Nine cardinals in the latest group are under the age of 80 and thus eligible to join a conclave to elect the next pope upon the death or resignation of Francis.
Francis' choices reflect not only a desire to promote non-Europeans within the church, but the pontiff's personal fight against social inequality and poverty.
The Philippines' Advincula said he believed the pope chose him to acknowledge Catholics living in far-flung areas from Rome.
"I always thought that the Church has to be closer to the people, especially those that are in the peripheries," Advincula told Vatican News last month after being named.
Francis also named the archbishop of Washington DC, Wilton Gregory, the first African-American to become cardinal.
The group of cardinals also includes Mexico's Bishop Emeritus Felipe Arizmendi Esquivel, who has worked among the indigenous population of the poor region of Chiapas, and Archbishop Antoine Kambanda of Rwanda, who lost most of his family in the 1994 genocide.

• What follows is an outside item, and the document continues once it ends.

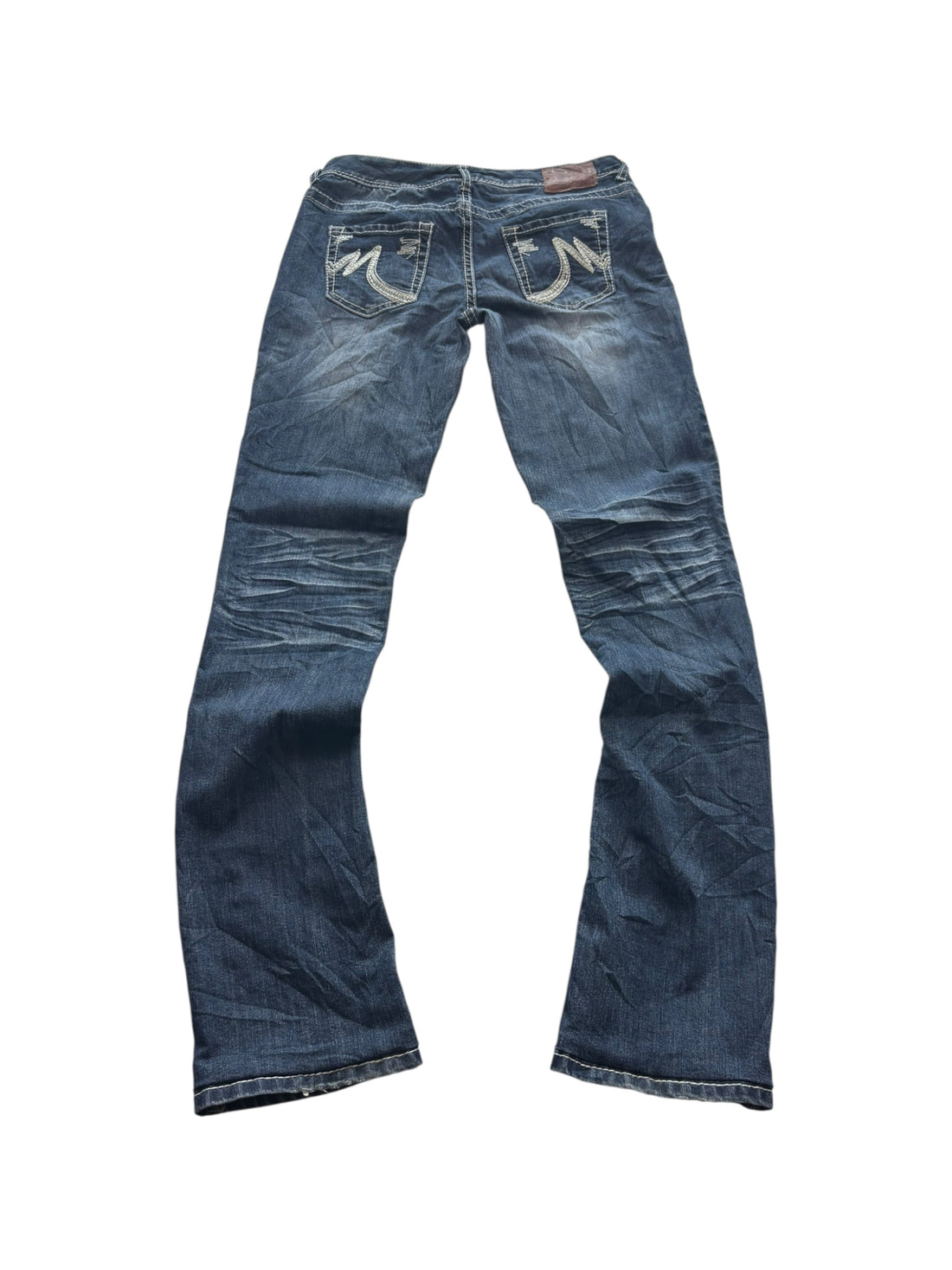 Maurices Jeans Dunkelblau – Vorderansicht mit Logo-Knopf und heller Waschung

Francis also named the Archbishop of Santiago, Celestino Aos Braco, in a nod to the challenges ahead in restoring confidence in the Church in Chile in the aftermath of a widespread sex abuse scandal and coverup.
The group of six new Italian cardinals includes Augusto Paolo Lojudice, the current archbishop of Siena, known for his defence of Roma people, and the Franciscan priest Mauro Gambetti, guardian of the Holy Convent of Assisi, the city of Saint Francis.
On Sunday, Francis will celebrate a traditional mass with exclusively the new cardinals participating.